Tu as participé activement à l’organisation des manifestations à Muret, sans aucun doute celles-ci auront permis à beaucoup de salarié e s, de retraité e s…de participer aux manifestations. Peux tu nous expliquer comment la décision a été prise ? Qui participait à ces manifestations ? Une fois les manifestations terminées, que reste t’il de toute cette activité collective ?

 

Je suis effectivement membre de l’Union Locale CGT de Muret qui est une UL très dynamique portée par un secrétaire général, Emmanuel BALDY, que je tiens pour un militant de tout premier plan et qui est pour beaucoup dans la vitalité de notre organisation.
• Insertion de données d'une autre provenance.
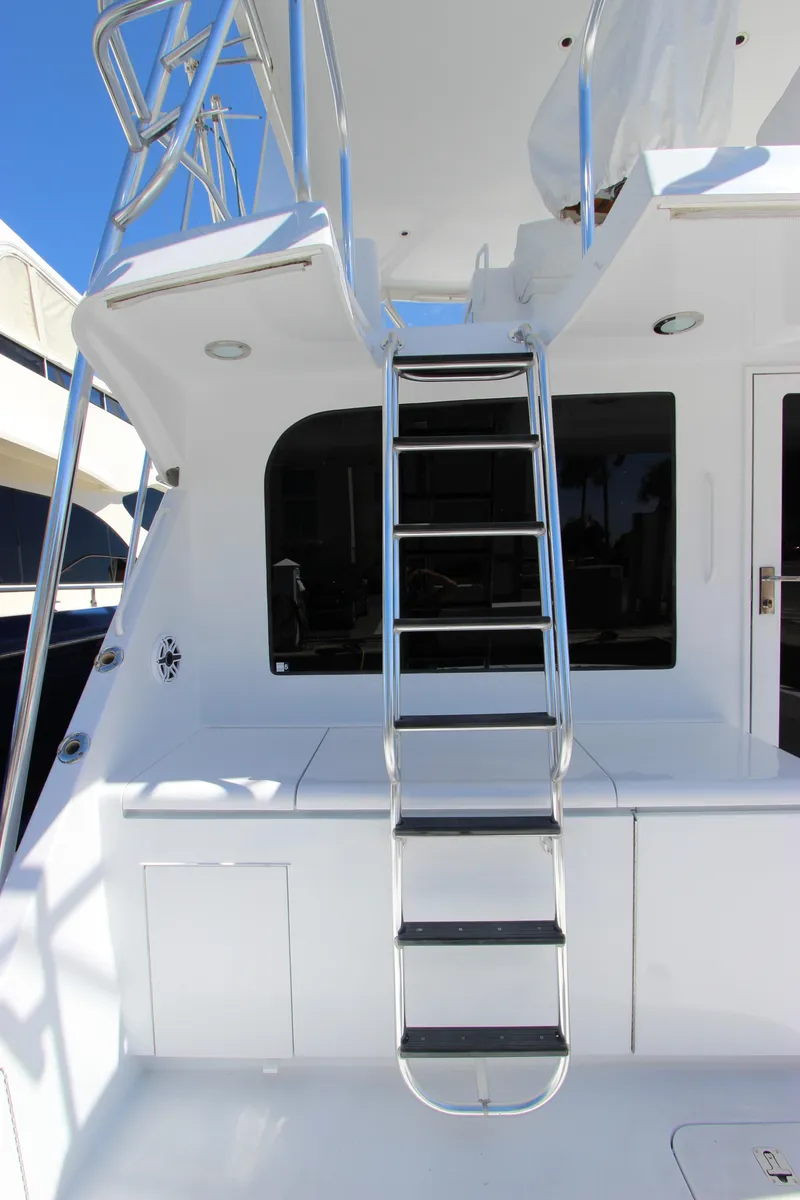 Slide: The Image of 2004 Hatteras 60 Convertible yacht with sleek ladder and modern design. - 34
La décision d’organiser des manifs à Muret a été prise très simplement : à la demande de la population muretaine. Dans les premiers temps nous diffusions des tracts à la gare, sur le marché ou ailleurs pour appeler à participer aux manifs toulousaines et à force de nous entendre dire « c’est dommage qu’il n’y ait pas de manif à Muret », « c’est compliqué d’aller à Toulouse », « ça va encore castagner à Toulouse », etc… on a finalement et rapidement décidé d’organiser nos propres manifs à Muret avec le soutien immédiat de nos camarades de la FSU et aussi avec des gilets jaunes avec qui nous avons noué des relations et qui ont participé à plusieurs de nos initiatives.

Qui participait ? C’est difficile de répondre à cette question car on n’a jamais fait d’enquête pour savoir d’où venaient – géographiquement ou sociologiquement – les manifestants muretains. Mais ce que je peux dire – et qui ne répond pas à la question posée – c’est que nous avons drôlement bien fait d’organiser ces manifs, apéros, repas et autre fête populaire vue la participation toujours bonne et parfois exceptionnelle – jusqu’à près de 3000 manifestants – de la population.

Que reste-t-il ? La démonstration concrète qu’il existe dans ce pays au-delà des cortèges des grandes agglomérations une force massive, profonde et mobilisable.Et c’est beaucoup, notamment beaucoup de motivation pour poursuivre notre inlassable et indispensable travail militant.